Pictures stay out of the copy. Transcribe exactly the lines from the line with "A television and/or" through the final line of the records.

- Opening Delimiter -

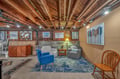 Relax in your unique basement lounge featuring exposed wooden beams, eclectic artwork, and comfortable seating for memorable evenings.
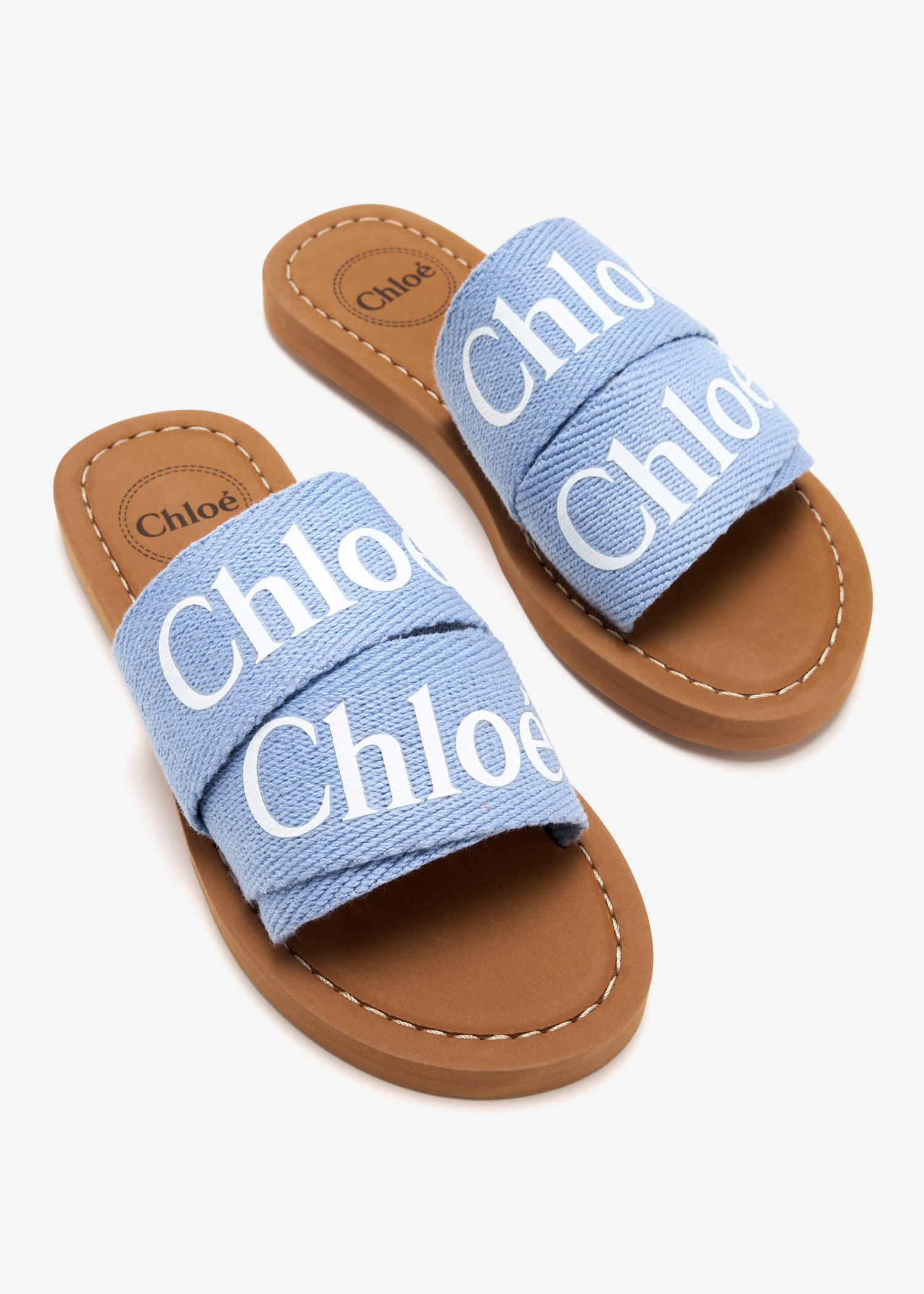 爽やかブルーが足元を彩る ☆ CHLOE Woody light blue slides Chloé | Woody light blue slides | Savannahs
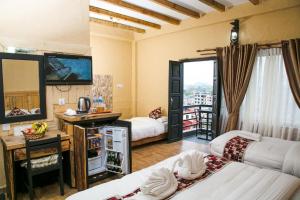 Ein Bett oder Betten in einem Zimmer der Unterkunft Hotel Tourist Residency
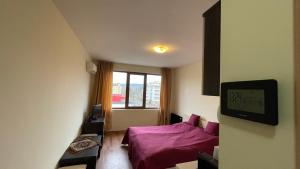 A television and/or entertainment centre at SUMMER BREEZE 406 Studio Sunny Beach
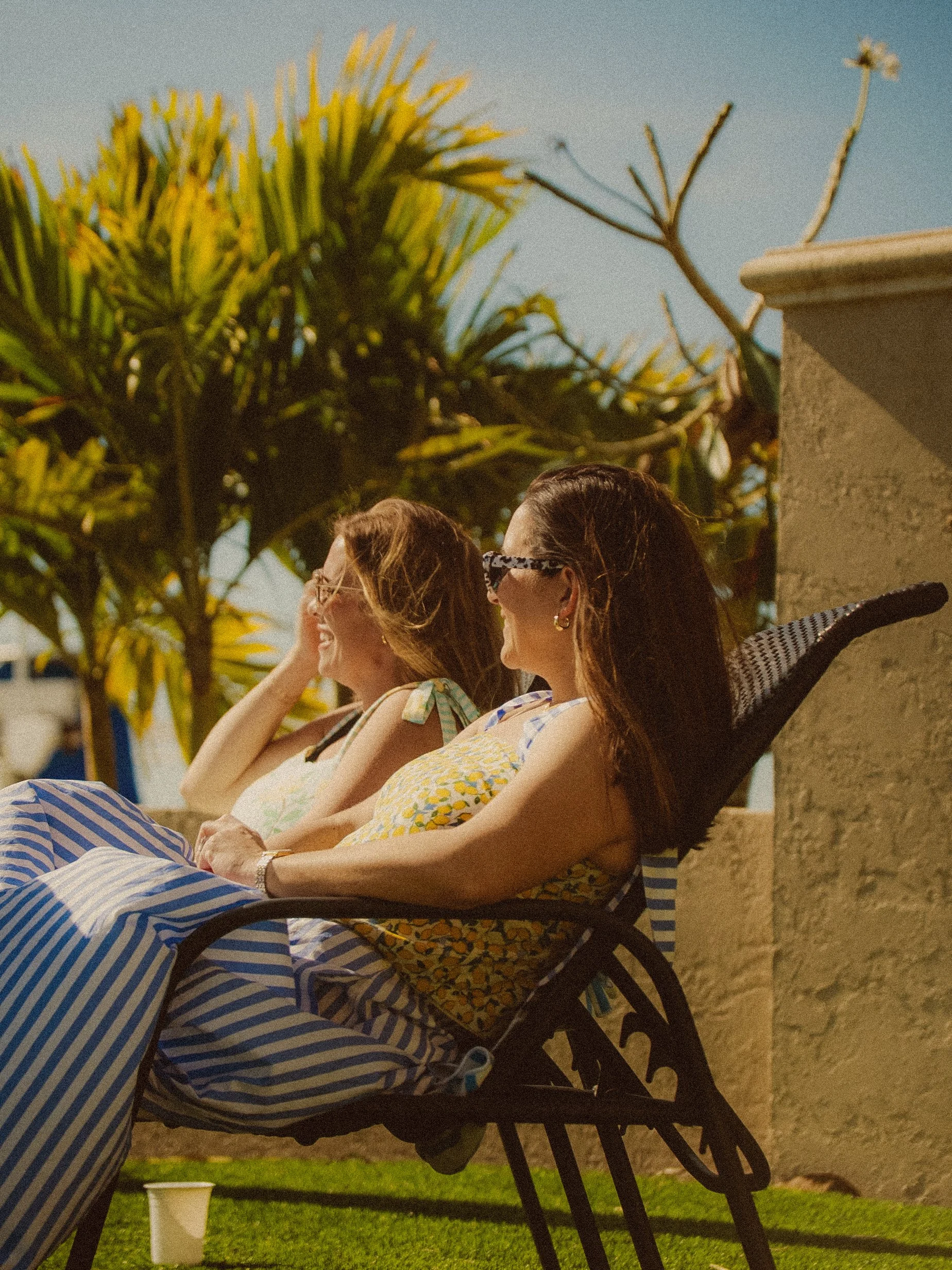 Two women with long hair and glasses are sitting outdoors on a bench, engaging in conversation. Palm trees and a building are visible in the background, suggesting a warm, tropical location.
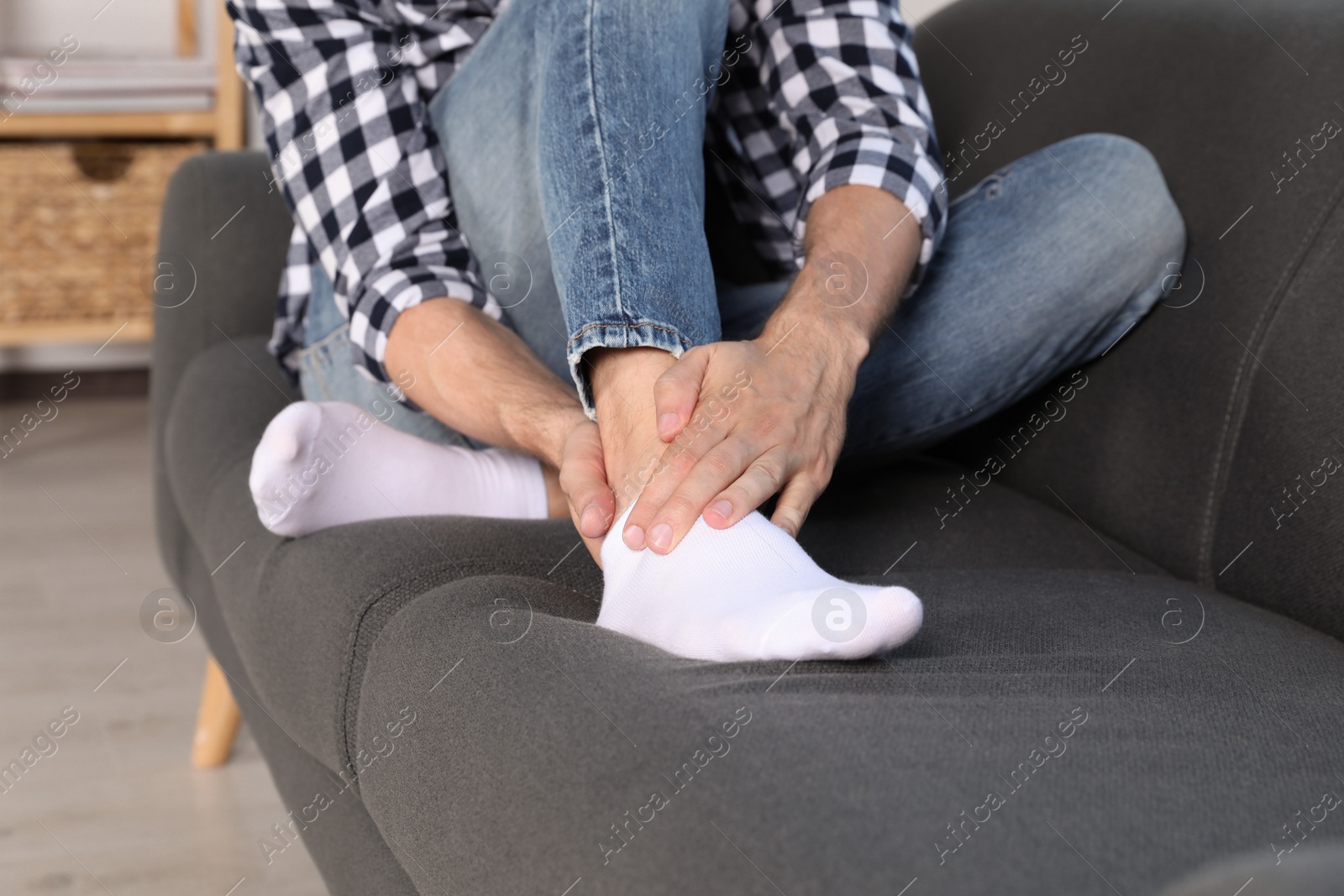 Photo of Man suffering from foot pain on sofa at home, closeup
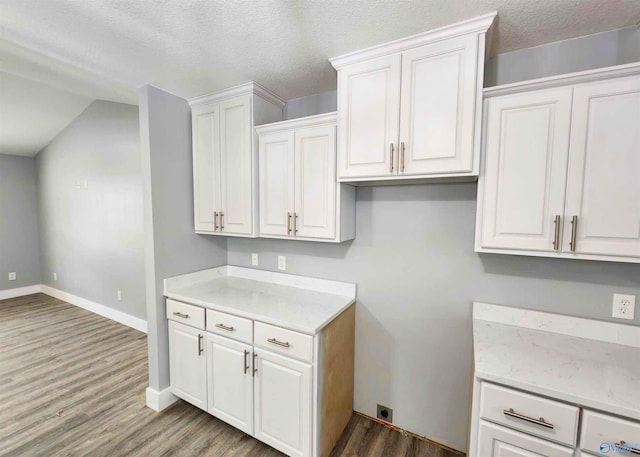 kitchen featuring hardwood / wood-style floors, a textured ceiling, vaulted ceiling, and white cabinets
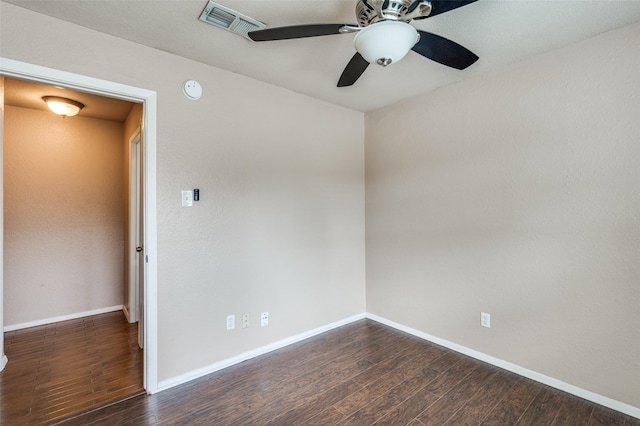 spare room featuring a ceiling fan, wood finished floors, visible vents, and baseboards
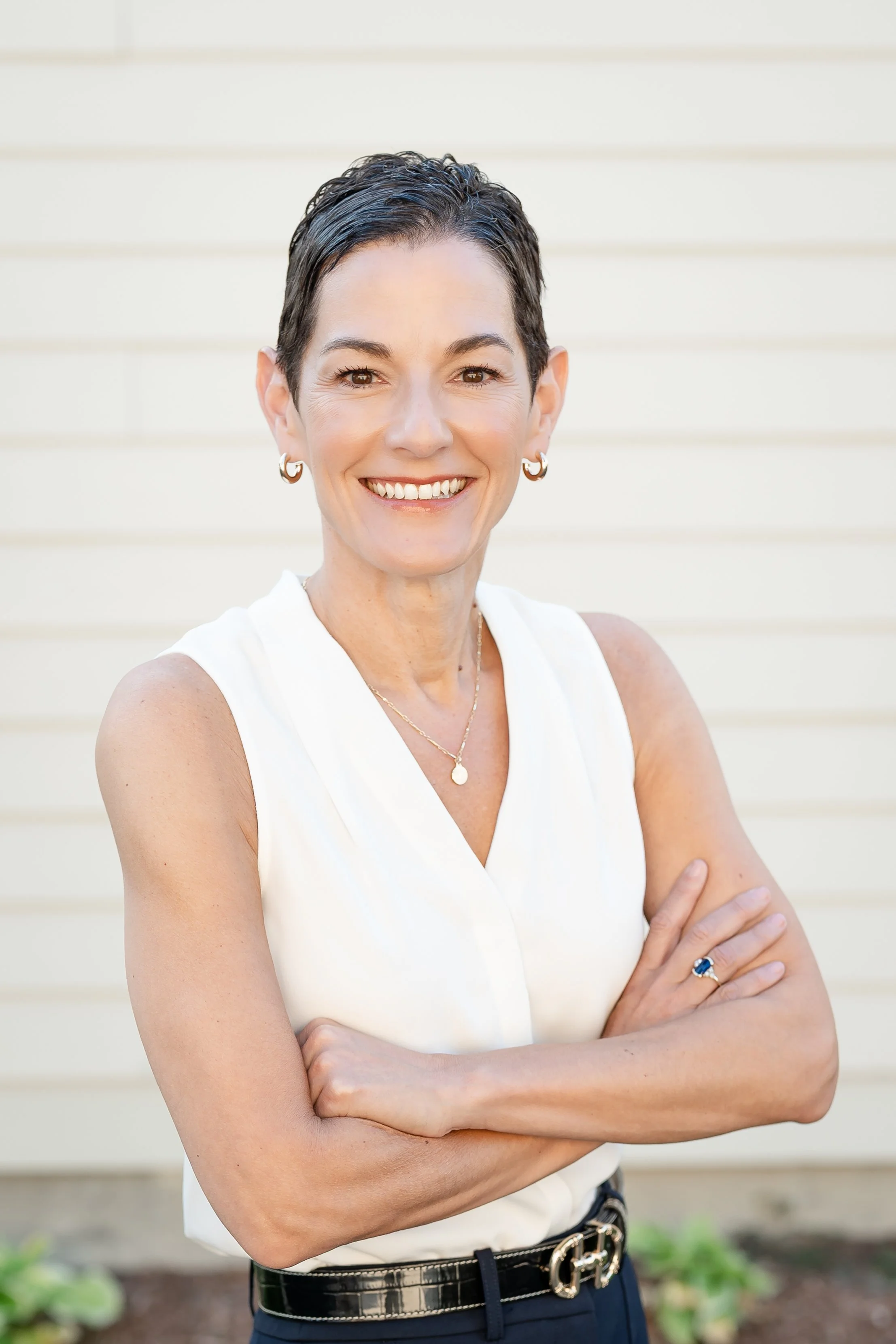 A woman with short dark hair, smiling, wearing a white sleeveless top, gold hoop earrings, a gold necklace, a ring with a blue stone, and a designer belt, standing outdoors against a light-colored horizontal siding background in Glenview IL.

- Closing Delimiter -

FINISHED EXERCISE:
 A television and/or entertainment centre at SUMMER BREEZE 406 Studio Sunny Beach
 Two women with long hair and glasses are sitting outdoors on a bench, engaging in conversation. Palm trees and a building are visible in the background, suggesting a warm, tropical location.
 Photo of Man suffering from foot pain on sofa at home, closeup
 kitchen featuring hardwood / wood-style floors, a textured ceiling, vaulted ceiling, and white cabinets
 spare room featuring a ceiling fan, wood finished floors, visible vents, and baseboards
 A woman with short dark hair, smiling, wearing a white sleeveless top, gold hoop earrings, a gold necklace, a ring with a blue stone, and a designer belt, standing outdoors against a light-colored horizontal siding background in Glenview IL.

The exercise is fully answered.